● **Exercise**
Working from the records below, return word for word the line that contains "Alright, the coffee" and each line after it, ending with the last. Skip all pictures.

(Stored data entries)
Start of Block

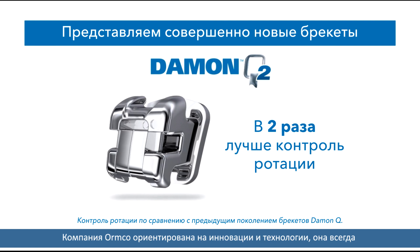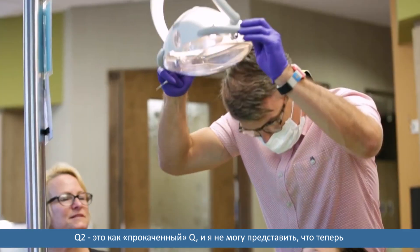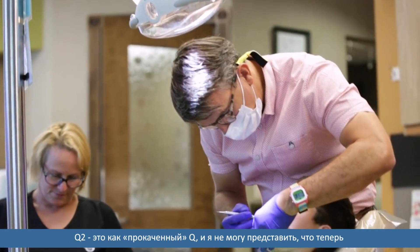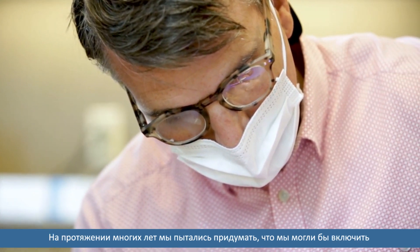Ormco's commitment to innovation and technology — they're always one step ahead in creating something amazing, and that's what we have in the Q2 bracket. It's like the Q2 is just on Q steroids, and I can't imagine practicing right now without the Q2 bracket in my hands.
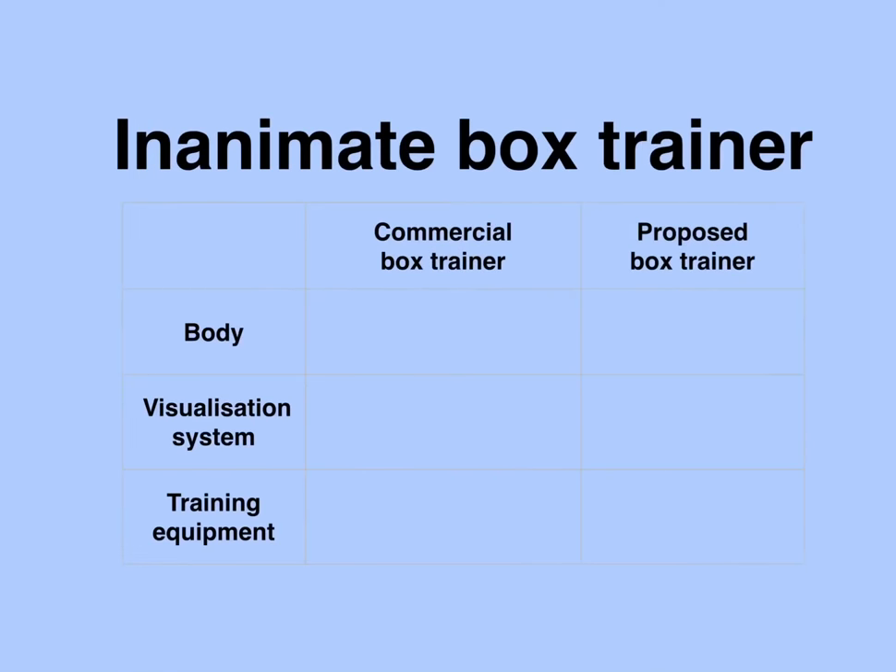An inanimate box trainer is essentially composed of three main parts: a body inside which various skills are practiced, a visualization system that captures images from inside the box and transfers them to a monitor, and training equipment which includes laparoscopic instruments and other material.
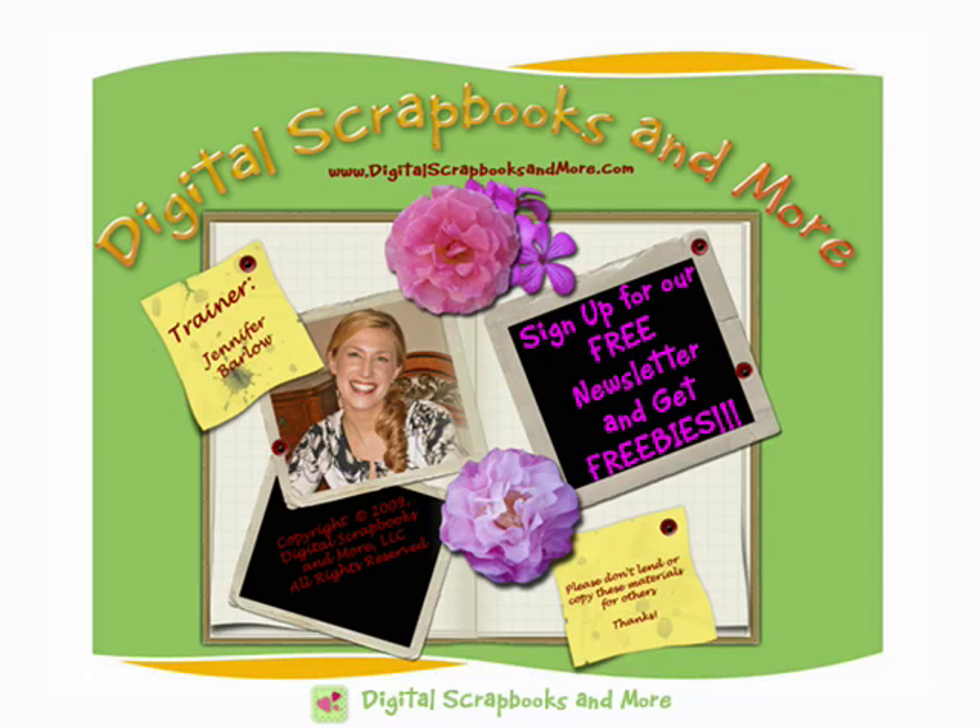If you're interested in learning how to start digital scrapbooking, photo editing, or you're just curious about learning Photoshop or Photoshop Elements, then get free info first. Sign up for our free digital scrapbooking newsletter and get all kinds of tutorials, articles, training guides, and digital scrapbooking freebies totally free.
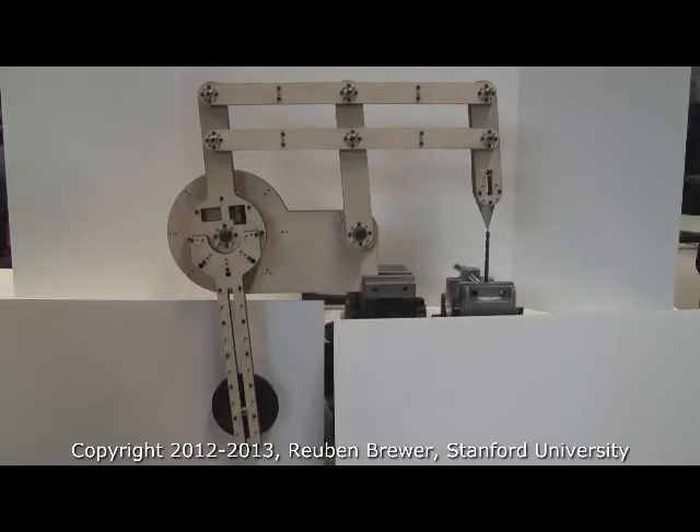Welcome to CS-235, Applied Robot Design for Non-Robot Designers. This is a little teaser for Lab 3 — this is what each of the students will be building.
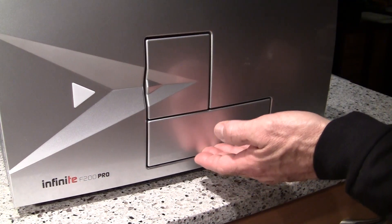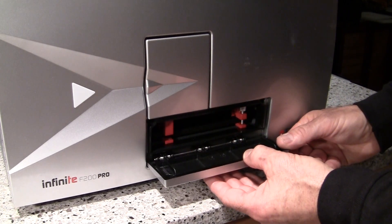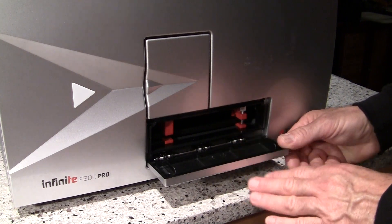Using your fingers, you can press on the base of the door here to start to hinge it open and then pull it the rest of the way open with your thumb, being careful not to place too much pressure downward on this door.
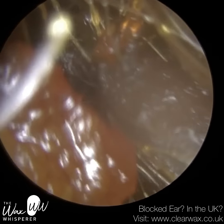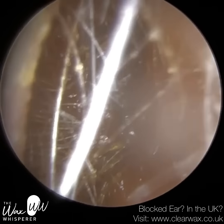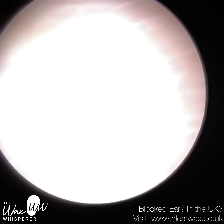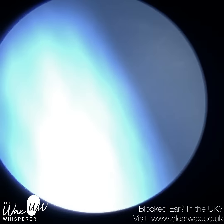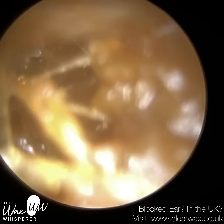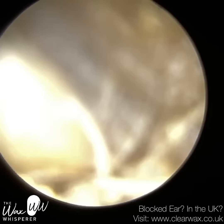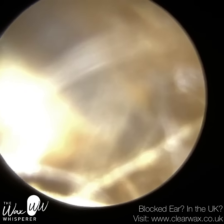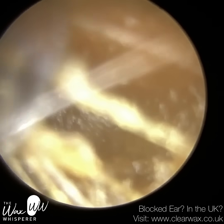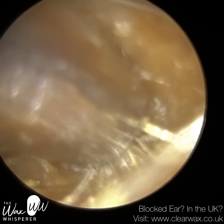We have here a very difficult and challenging case involving a patient who attended with bilateral, fully occluding, soft, mushy, glutinous earwax. In addition, they've got collapsed ear canal entrances, which makes it very difficult for me to examine, let alone insert the instrument inside their ear to remove the wax. I'll discuss the collapsed canals a bit later on in the video, just to explain the causes for that and potential remedies and solutions long term.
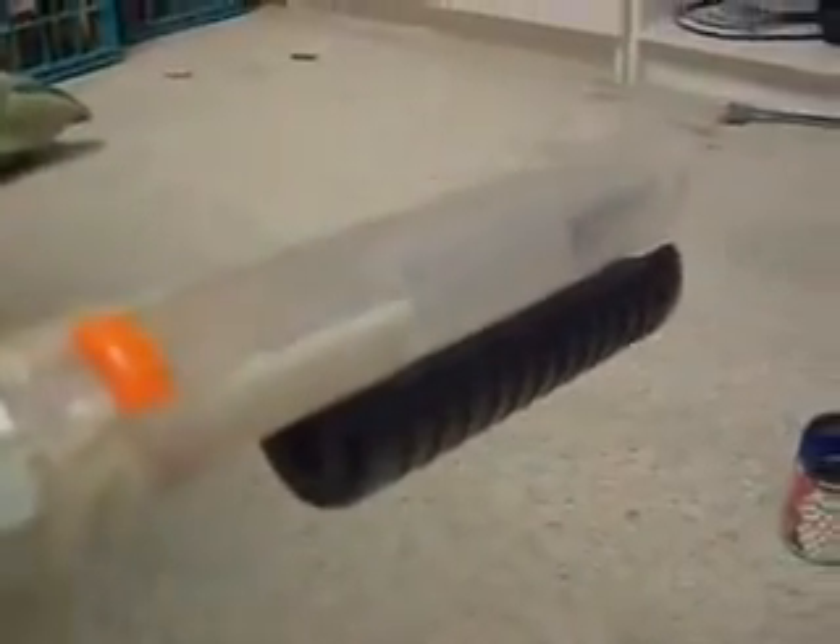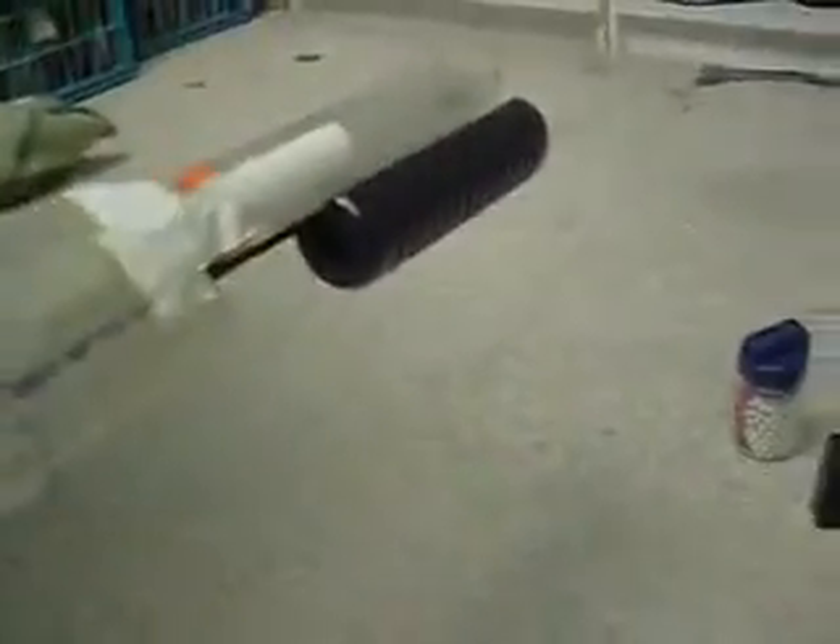Shotgun with a screwed up barrel — it's a silencer off of another gun that I got, another cheap gun. The barrel fell off because it was too heavy. It shoots 350-355 FPS and holds at least 20 rounds in its clip.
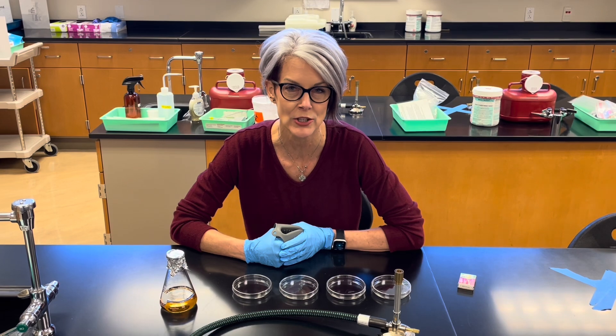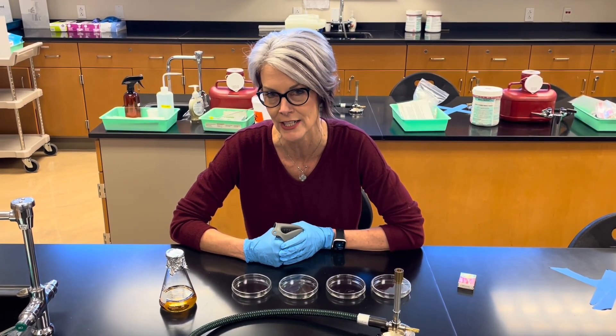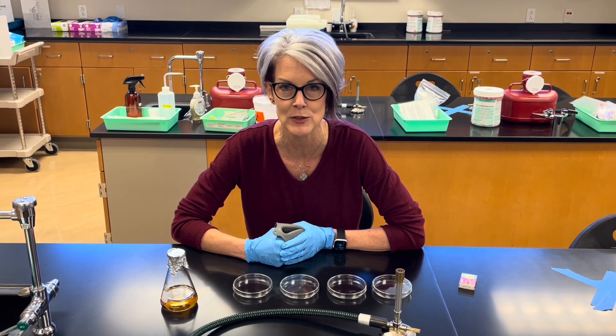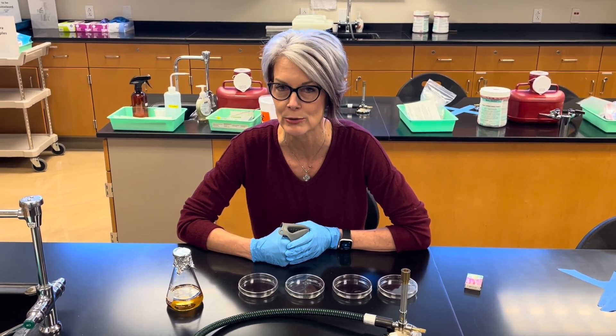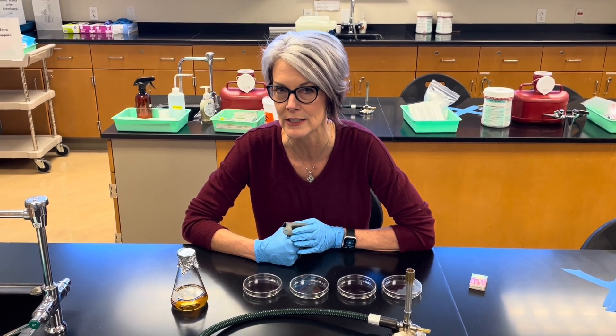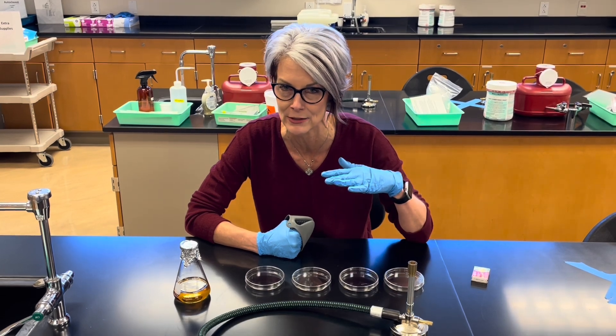To sterilize the media, it's placed in an autoclave at a temperature of 121 degrees centigrade with 15 to 20 pounds per square inch of pressure, and we autoclave it for about 15 to 20 minutes. So it's going to be quite hot. We place the flasks at 60 degrees centigrade to cool them down a little bit.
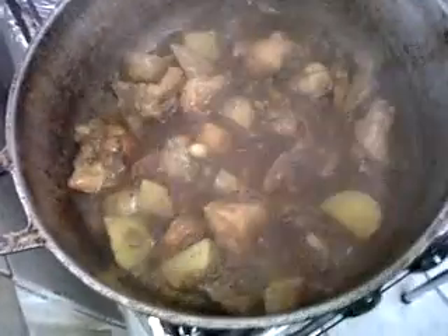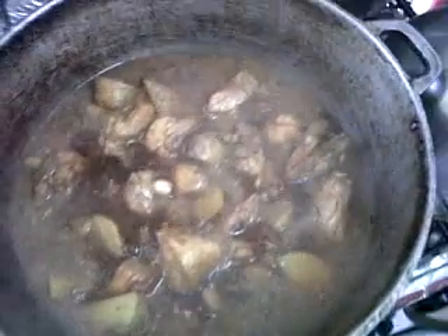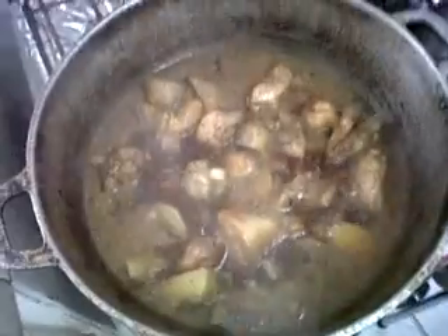Now what the potato will do as it simmers, as the chicken simmers, the potato will thicken the gravy. So you get a nice thick gravy to put over your rice. We'll check back in a few minutes again.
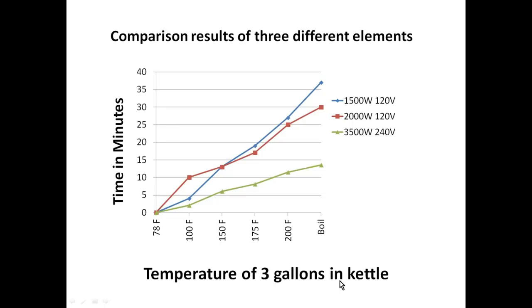This was in a three gallon kettle. Remember, you can always wire this 3500 watt element at 120 volts, but if you did you only get 25% of the wattage, which is 875 watts.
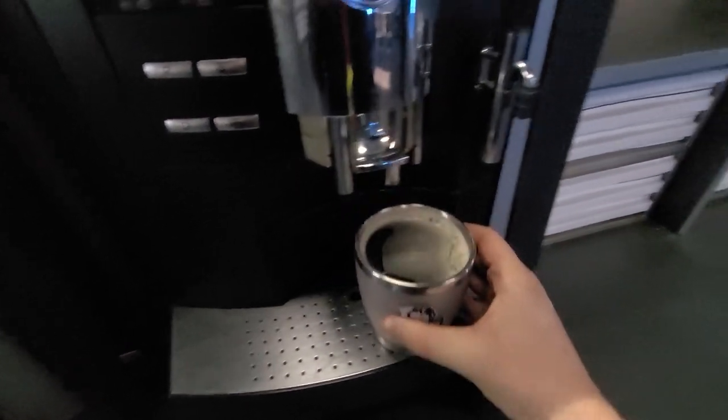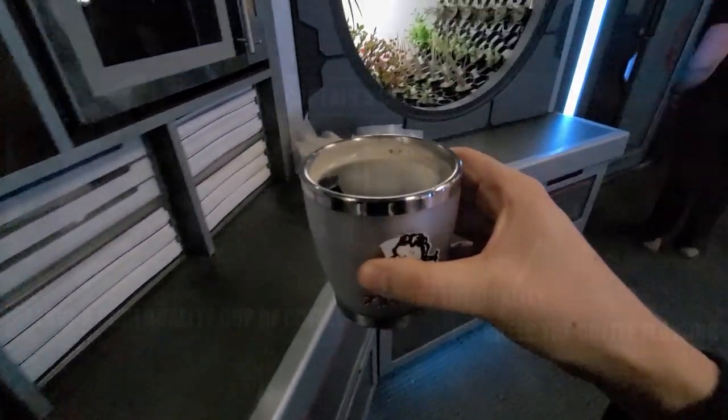Alright, the coffee should be done and I can't wait to have it. A great way to start the morning — cheers guys. That's how you make a coffee on the Rocinante.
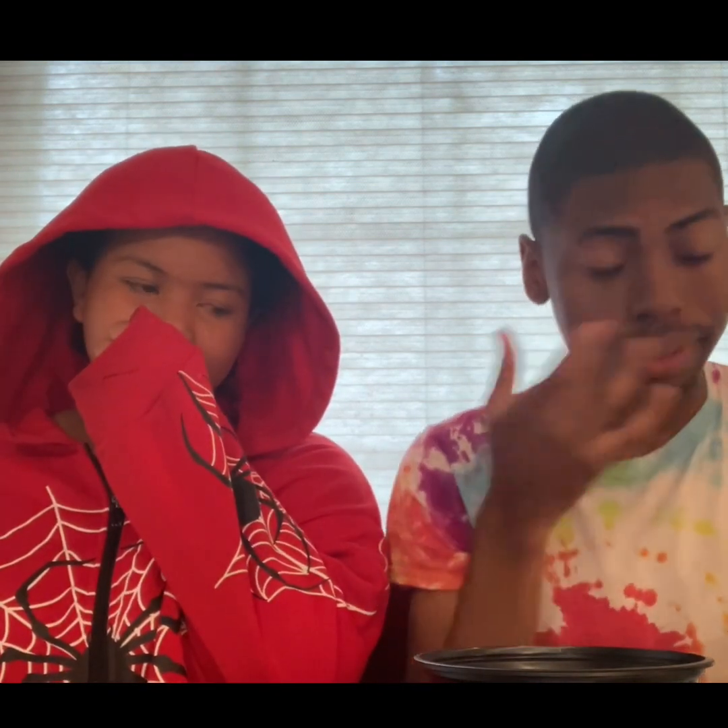It kind of tastes weird. What do you think? It just tastes like the glaze. Yeah, it's weird. All right, okay. Next one — let's try the strawberry.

End of Block

● **Your solution**
Alright, the coffee should be done and I can't wait to have it. A great way to start the morning — cheers guys. That's how you make a coffee on the Rocinante.
It kind of tastes weird. What do you think? It just tastes like the glaze. Yeah, it's weird. All right, okay. Next one — let's try the strawberry.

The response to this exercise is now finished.